(WHAT TO DO):
Print verbatim the lines from the beginning of the entries through the line containing "Detect screen changes", both ends included. Pictures should be left out.

(DATASET EXCERPTS):
▬▬▬▬▬▬

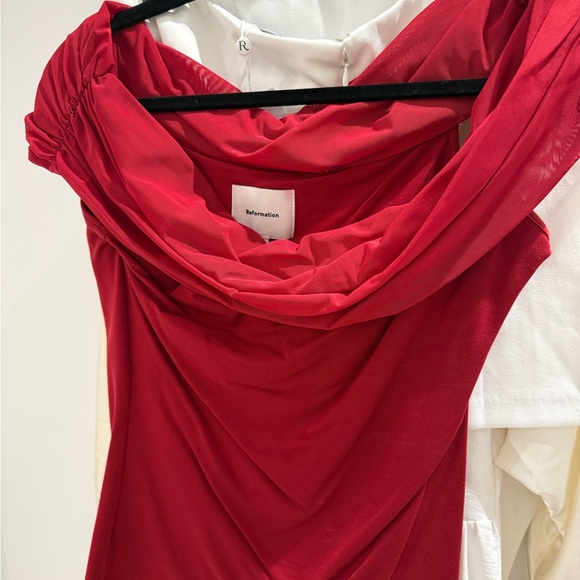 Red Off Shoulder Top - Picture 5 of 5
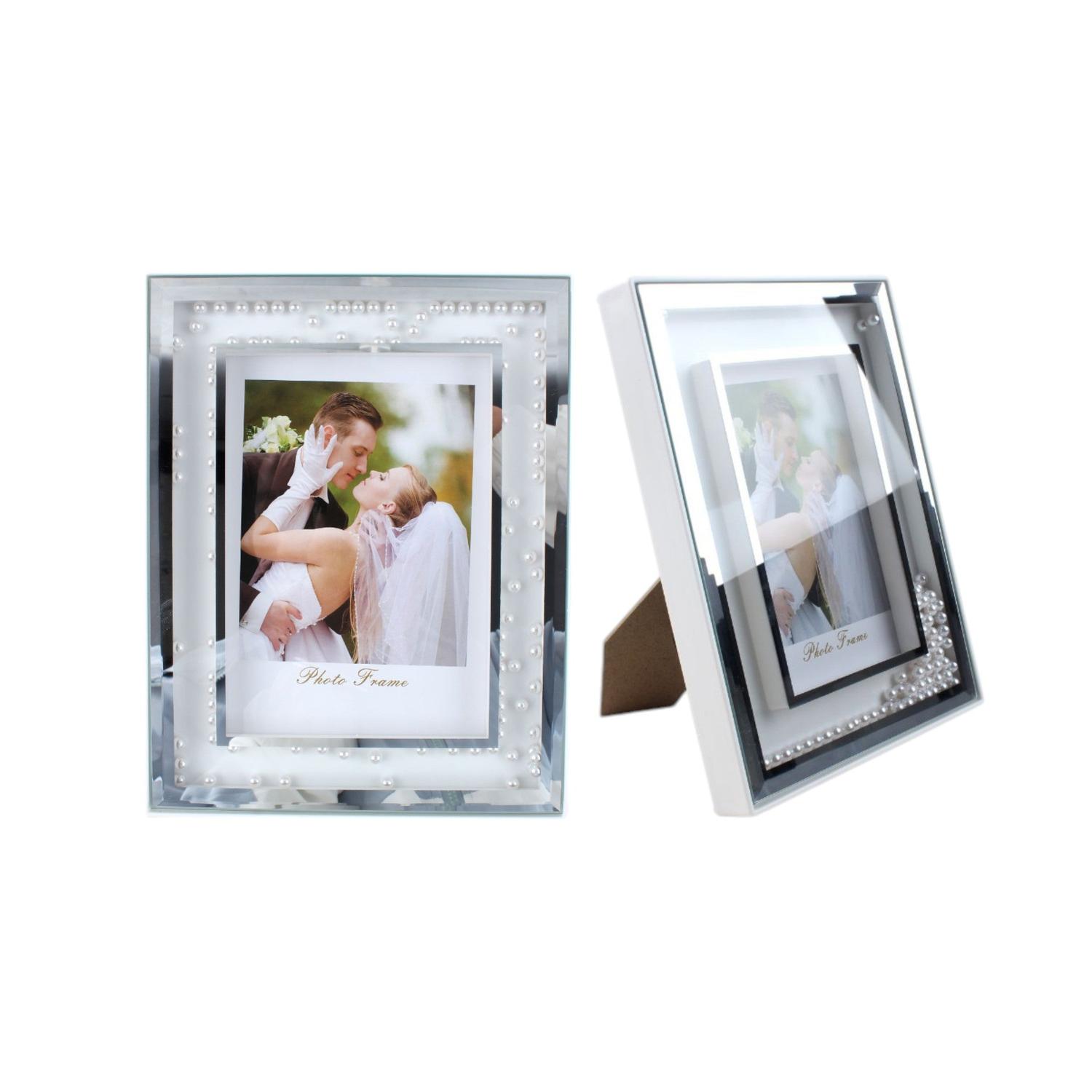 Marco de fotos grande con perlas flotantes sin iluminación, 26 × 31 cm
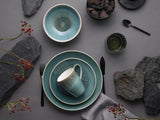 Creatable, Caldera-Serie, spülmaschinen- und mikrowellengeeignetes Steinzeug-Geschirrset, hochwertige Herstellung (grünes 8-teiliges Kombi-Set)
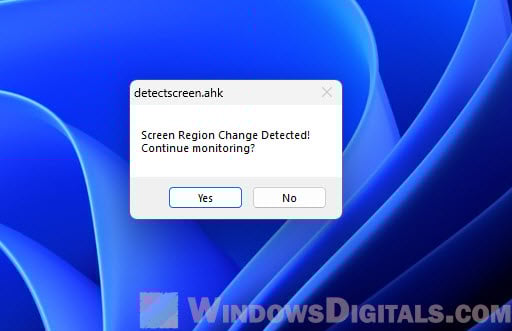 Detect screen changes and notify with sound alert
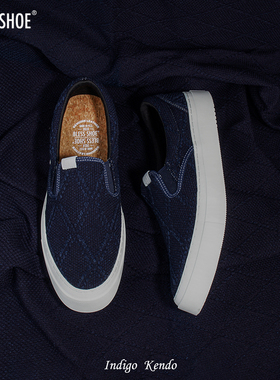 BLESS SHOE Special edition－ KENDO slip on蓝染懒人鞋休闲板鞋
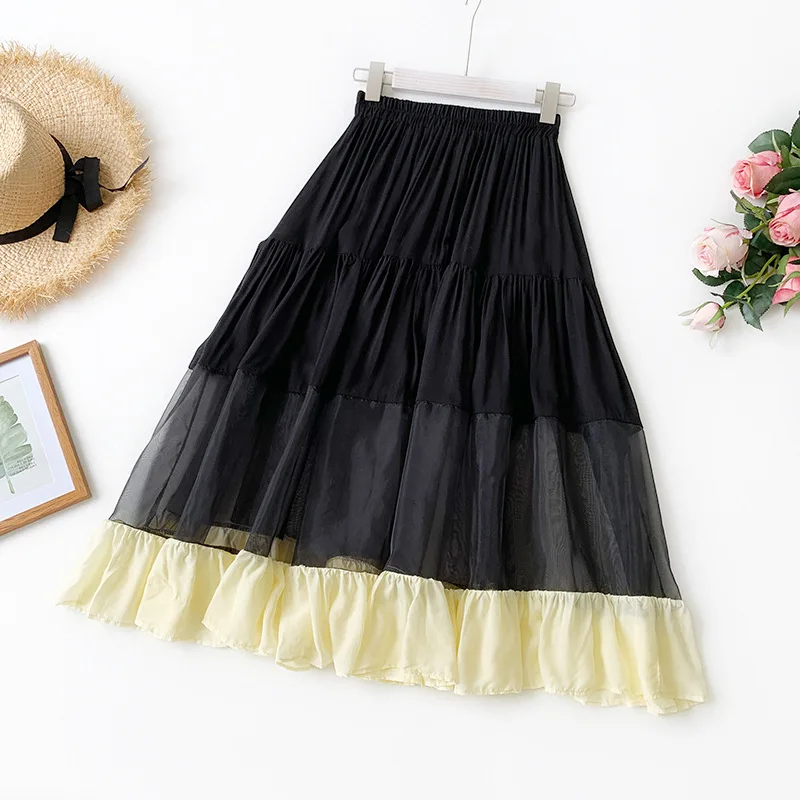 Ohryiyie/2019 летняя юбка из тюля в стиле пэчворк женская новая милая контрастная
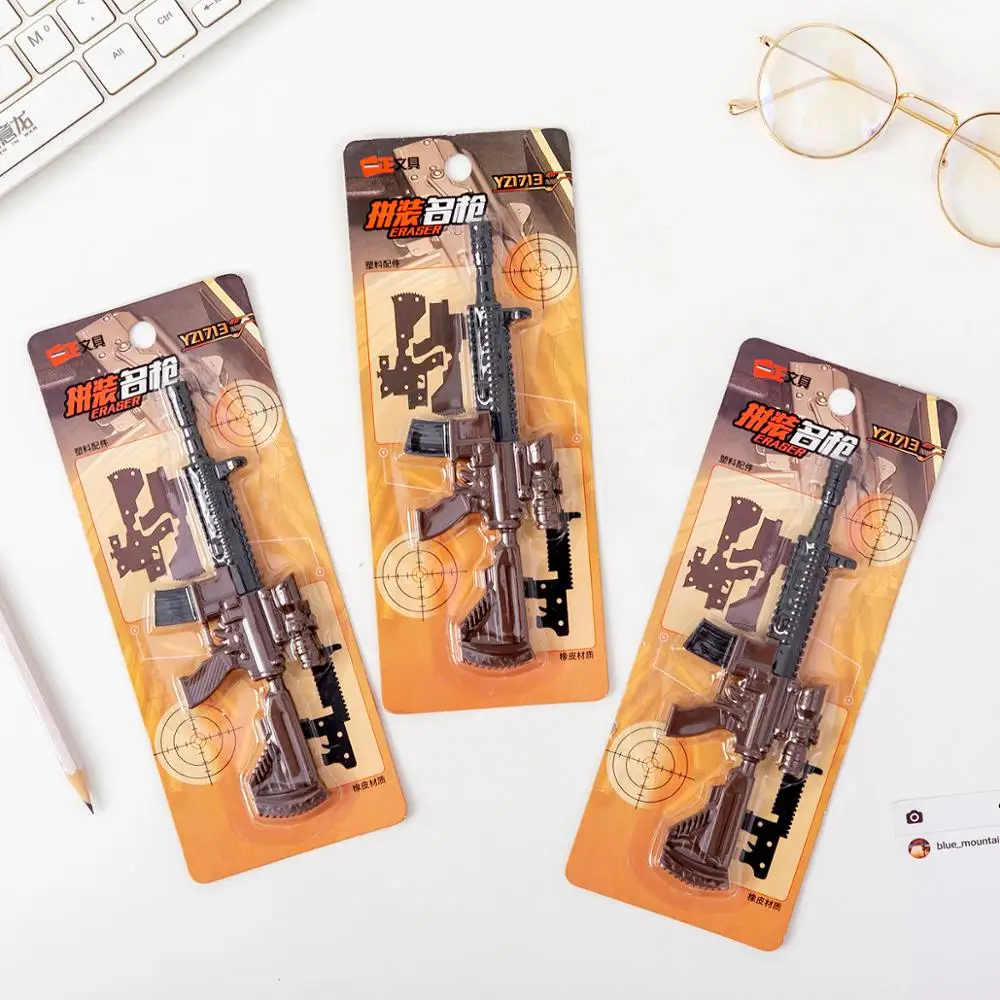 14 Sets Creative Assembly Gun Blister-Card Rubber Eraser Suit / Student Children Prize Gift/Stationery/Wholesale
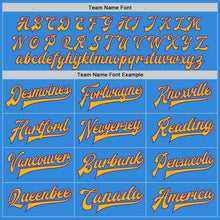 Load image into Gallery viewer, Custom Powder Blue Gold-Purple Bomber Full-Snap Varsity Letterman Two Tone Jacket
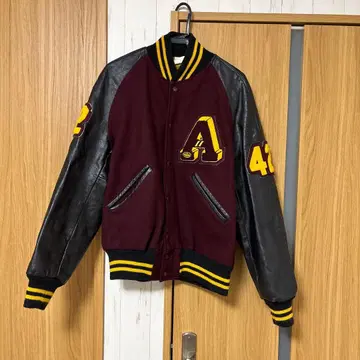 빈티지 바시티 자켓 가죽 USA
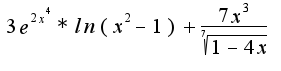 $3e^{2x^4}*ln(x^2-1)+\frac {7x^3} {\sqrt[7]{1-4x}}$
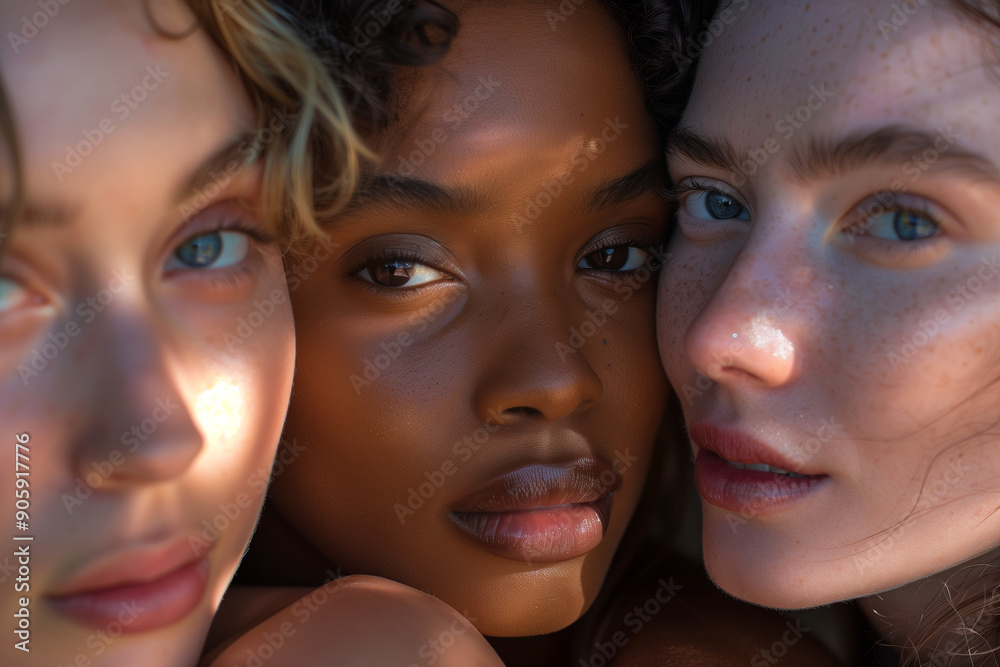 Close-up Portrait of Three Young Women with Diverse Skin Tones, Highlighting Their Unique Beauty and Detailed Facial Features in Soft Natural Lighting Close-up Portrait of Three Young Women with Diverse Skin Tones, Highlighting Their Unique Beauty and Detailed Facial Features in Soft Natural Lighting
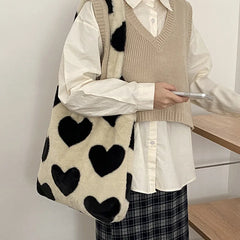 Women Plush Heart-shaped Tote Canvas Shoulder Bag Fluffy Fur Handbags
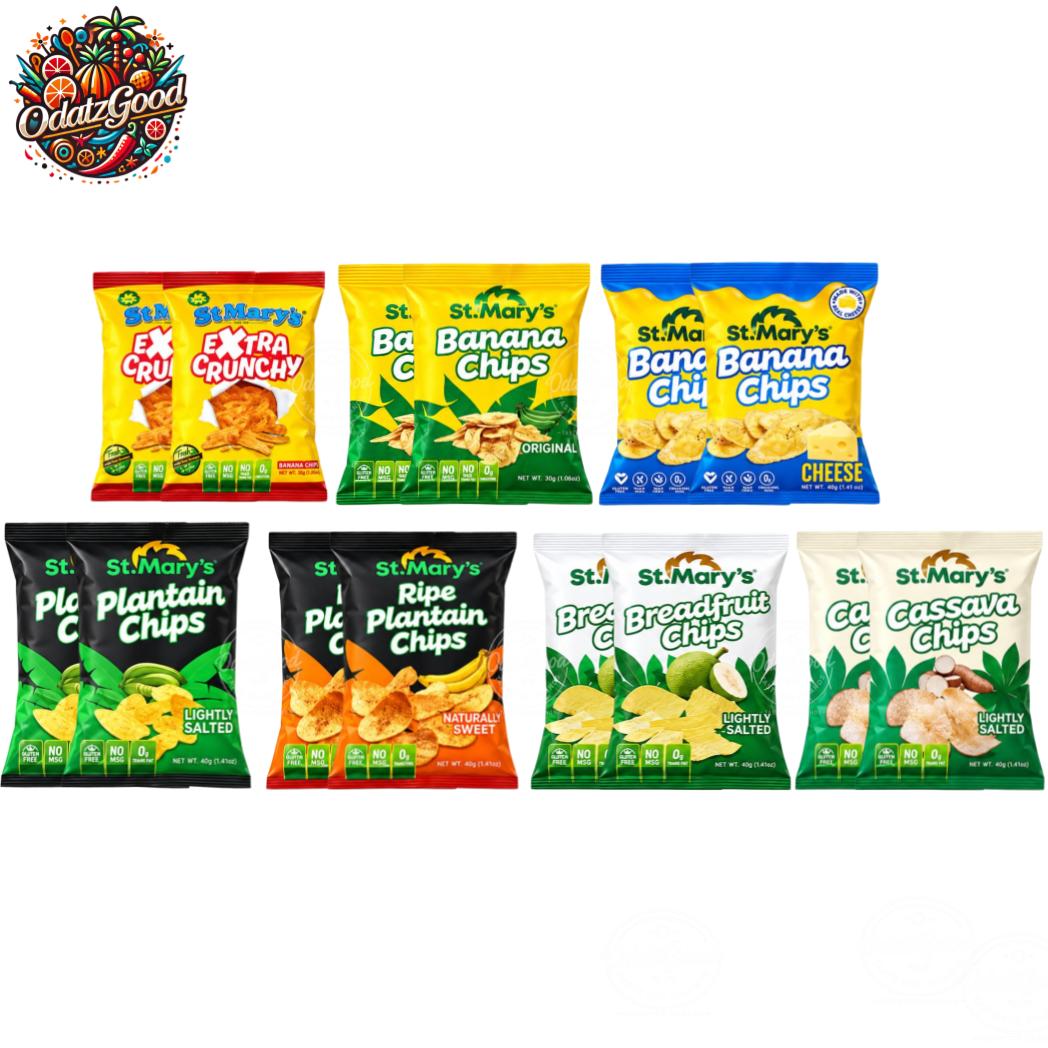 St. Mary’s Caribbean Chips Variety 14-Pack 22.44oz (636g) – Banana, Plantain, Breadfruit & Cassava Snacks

▬▬▬▬▬▬

(ANSWER TO THE PROBLEM):
 Red Off Shoulder Top - Picture 5 of 5
 Marco de fotos grande con perlas flotantes sin iluminación, 26 × 31 cm
 Creatable, Caldera-Serie, spülmaschinen- und mikrowellengeeignetes Steinzeug-Geschirrset, hochwertige Herstellung (grünes 8-teiliges Kombi-Set)
 Detect screen changes and notify with sound alert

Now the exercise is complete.